The plan state Rep. Lou Lang, D-Skokie, proposed Wednesday would raise employees’ retirement age and require them to contribute an additional 3% of their salaries towards their pensions.
The plan makes permanent the state’s 2011 income tax hike, a portion of which is set to expire in fiscal 2015. While Gov. Pat Quinn’s administration has warned of a dramatic drop in revenue that looms, it has steered clear of calling to make the tax permanent, focusing instead on pension reform. Lang is the first state lawmaker this year to broach the controversial subject.
Lang’s plan also relies on new funding of about $1 billion annually once pension-related debt is paid off in 2020. He portrayed his plan as the only one so far that can pass the state constitution’s ban against diminishing or impairing promised pension benefits. He believes all other proposals so far fail that test.
“This unfunded liability is affecting our ability to do our budgets, affecting our ability to fund services, affecting our bond rating,” Lang said. “We need a pension plan that will work on day one …. I think it’s a constitutional and credible way to fix the problem.”
It would shift to a new 50-year schedule aimed at reaching an 80% funded ratio. Like some of the plans previously floated, it would shift the cost of funding suburban and downstate teacher pensions from the state to local districts, but it stretches out the shift over a longer period of time than other proposals.
The plan requires Illinois to make its annual payment and if any of the revenues dedicated to pension payments exceed what’s needed, taxpayers would receive a rebate. The reforms apply to all five of the state’s pension funds. Lang offered estimates on potential savings and new revenue projections, but they have not been reviewed by actuaries.
The Democratic governor has endorsed a Senate plan which includes provisions in a House plan that cuts benefits and increases employee contributions. The legislation includes a backup that asks employees to voluntarily elect to accept the changes in exchange for maintaining their state-subsidized retiree health care benefits should the first plan be ruled unconstitutional.

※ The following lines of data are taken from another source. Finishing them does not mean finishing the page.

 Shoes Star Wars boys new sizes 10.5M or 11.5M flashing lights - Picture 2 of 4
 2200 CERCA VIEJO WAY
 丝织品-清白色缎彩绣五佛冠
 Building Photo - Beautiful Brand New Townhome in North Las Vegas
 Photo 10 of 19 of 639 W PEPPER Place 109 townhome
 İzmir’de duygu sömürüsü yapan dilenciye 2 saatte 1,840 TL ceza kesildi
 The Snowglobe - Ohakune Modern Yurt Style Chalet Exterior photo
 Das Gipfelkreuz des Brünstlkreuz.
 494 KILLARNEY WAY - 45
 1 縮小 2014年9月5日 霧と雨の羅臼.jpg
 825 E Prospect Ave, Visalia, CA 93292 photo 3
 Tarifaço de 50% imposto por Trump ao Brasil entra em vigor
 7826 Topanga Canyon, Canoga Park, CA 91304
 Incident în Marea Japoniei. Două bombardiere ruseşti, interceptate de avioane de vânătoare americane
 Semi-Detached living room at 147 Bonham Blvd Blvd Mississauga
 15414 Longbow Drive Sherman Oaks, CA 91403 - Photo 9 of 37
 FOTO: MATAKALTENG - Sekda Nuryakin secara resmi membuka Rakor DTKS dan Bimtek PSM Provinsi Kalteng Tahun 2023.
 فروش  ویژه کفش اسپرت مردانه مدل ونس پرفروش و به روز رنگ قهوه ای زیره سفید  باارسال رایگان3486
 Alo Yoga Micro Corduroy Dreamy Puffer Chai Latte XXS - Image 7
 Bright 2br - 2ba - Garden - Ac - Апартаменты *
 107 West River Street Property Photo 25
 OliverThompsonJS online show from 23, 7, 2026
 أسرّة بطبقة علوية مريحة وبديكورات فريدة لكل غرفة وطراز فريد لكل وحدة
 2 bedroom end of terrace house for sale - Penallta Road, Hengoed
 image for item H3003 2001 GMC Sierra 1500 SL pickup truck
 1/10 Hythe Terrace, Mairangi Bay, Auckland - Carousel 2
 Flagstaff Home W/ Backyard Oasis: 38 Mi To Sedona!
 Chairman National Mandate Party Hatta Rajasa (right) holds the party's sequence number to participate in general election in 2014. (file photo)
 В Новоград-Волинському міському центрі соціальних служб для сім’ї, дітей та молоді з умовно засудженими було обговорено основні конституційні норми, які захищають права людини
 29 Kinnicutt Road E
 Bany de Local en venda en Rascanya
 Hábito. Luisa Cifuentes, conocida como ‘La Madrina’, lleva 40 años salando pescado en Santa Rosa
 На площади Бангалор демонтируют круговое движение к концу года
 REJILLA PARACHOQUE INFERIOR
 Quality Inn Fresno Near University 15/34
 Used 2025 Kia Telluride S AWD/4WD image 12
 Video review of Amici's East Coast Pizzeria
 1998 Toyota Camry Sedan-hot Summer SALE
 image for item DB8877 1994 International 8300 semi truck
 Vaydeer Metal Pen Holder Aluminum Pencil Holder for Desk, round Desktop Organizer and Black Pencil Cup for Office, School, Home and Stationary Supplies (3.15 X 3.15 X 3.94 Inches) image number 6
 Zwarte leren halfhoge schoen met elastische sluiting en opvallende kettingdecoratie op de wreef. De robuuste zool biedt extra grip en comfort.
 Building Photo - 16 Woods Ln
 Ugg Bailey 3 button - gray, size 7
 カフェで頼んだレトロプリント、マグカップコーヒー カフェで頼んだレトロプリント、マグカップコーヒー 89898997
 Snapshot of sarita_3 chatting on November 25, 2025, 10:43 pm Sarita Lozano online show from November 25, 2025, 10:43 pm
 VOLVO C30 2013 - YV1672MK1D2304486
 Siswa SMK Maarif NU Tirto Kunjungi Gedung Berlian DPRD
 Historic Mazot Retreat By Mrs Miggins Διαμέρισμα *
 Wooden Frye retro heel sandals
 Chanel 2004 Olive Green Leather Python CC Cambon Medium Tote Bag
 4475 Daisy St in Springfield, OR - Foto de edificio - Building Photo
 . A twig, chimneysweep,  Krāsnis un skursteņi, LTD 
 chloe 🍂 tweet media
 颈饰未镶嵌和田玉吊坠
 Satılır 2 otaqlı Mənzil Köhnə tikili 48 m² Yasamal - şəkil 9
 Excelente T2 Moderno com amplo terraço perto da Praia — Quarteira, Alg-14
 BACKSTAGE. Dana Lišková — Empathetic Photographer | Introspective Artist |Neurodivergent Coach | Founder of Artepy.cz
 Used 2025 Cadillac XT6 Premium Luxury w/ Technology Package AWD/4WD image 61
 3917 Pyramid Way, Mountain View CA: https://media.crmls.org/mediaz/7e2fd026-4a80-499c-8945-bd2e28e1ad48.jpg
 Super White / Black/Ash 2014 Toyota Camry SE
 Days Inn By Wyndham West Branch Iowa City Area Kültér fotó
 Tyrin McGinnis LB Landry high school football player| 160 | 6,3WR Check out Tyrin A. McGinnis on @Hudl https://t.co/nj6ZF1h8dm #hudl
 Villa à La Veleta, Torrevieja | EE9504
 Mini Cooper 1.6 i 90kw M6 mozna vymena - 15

The governor said Wednesday that he remains behind the Senate proposal as a “vehicle” for a reform plan that can be refined to win passage. When asked about Lang’s plan, Quinn said pension reform must be “comprehensive” and not rely solely on an infusion of revenue.
The state’s massive pension obligations, the looming tax expiration and a bill backlog of $9 billion are the key strains on the state’s credit. Standard & Poor’s rates the state A-minus with a negative outlook. Fitch Ratings has Illinois’ A rating on negative watch and Moody’s Investors Service is A2 with a negative outlook.